◆ **Task description**
When you copy the data, keep every word exactly as it is and leave the pictures out.

===== Supplied material =====

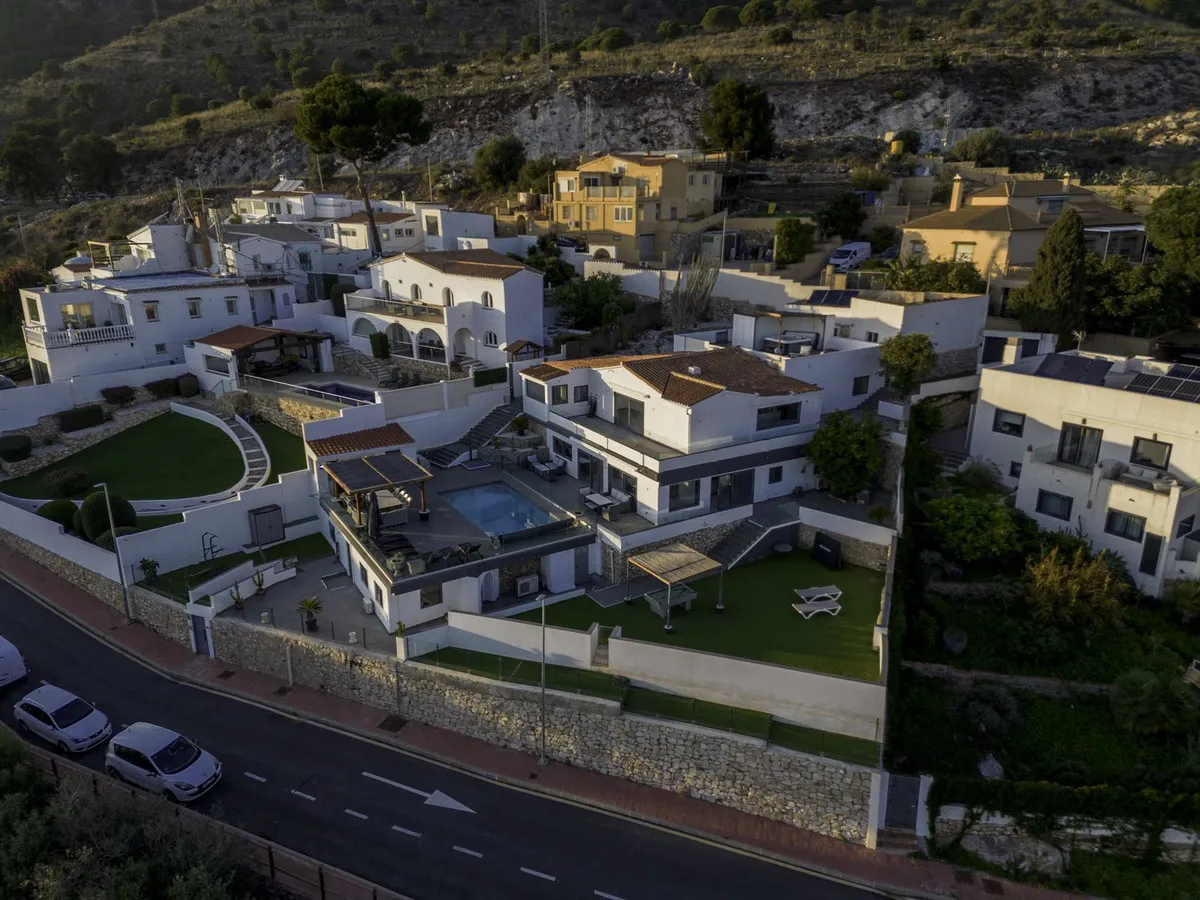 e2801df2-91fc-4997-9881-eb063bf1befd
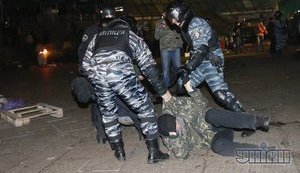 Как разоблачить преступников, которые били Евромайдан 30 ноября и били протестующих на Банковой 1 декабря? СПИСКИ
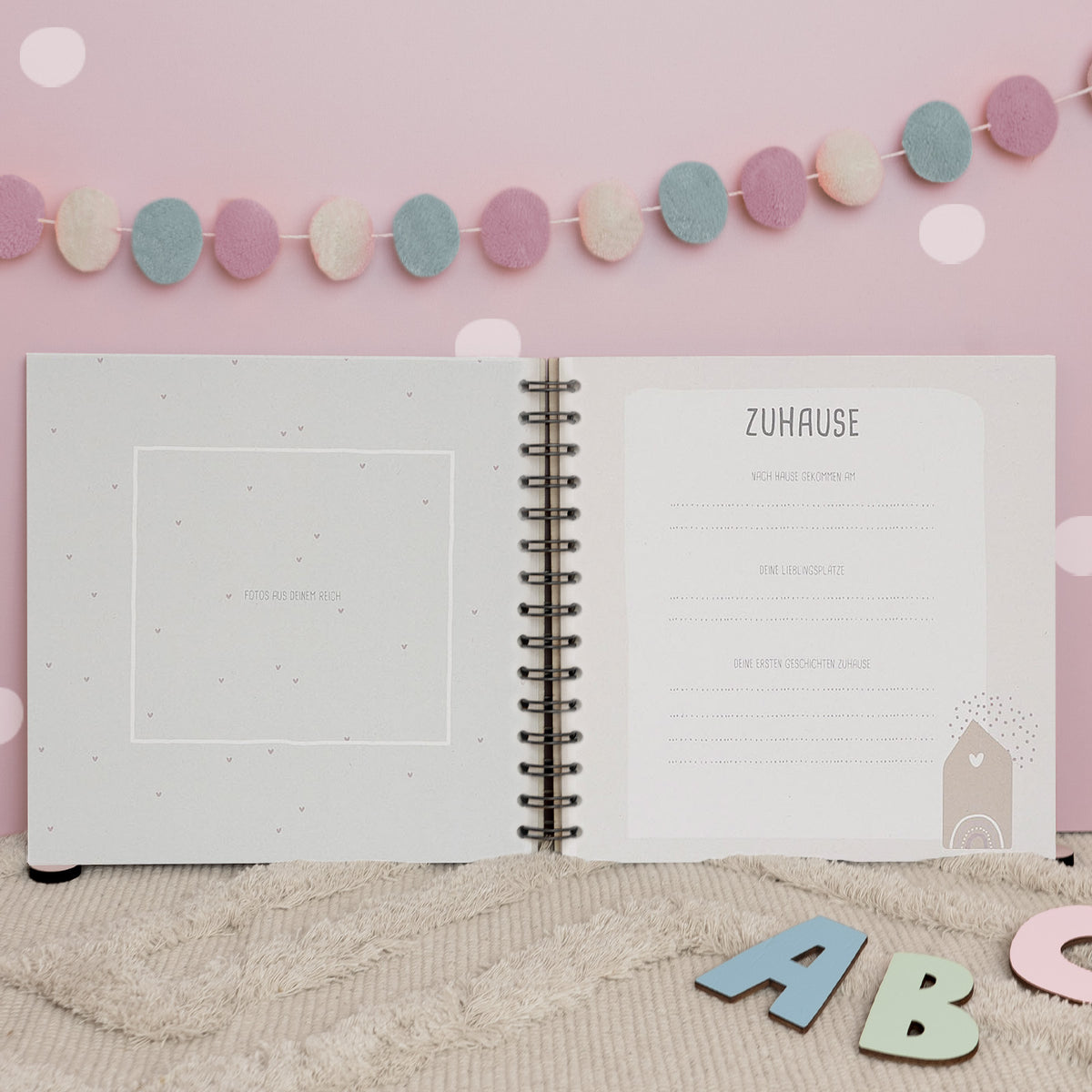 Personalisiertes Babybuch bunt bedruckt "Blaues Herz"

=====

◆ **Written reply**
 e2801df2-91fc-4997-9881-eb063bf1befd
 Как разоблачить преступников, которые били Евромайдан 30 ноября и били протестующих на Банковой 1 декабря? СПИСКИ
 Personalisiertes Babybuch bunt bedruckt "Blaues Herz"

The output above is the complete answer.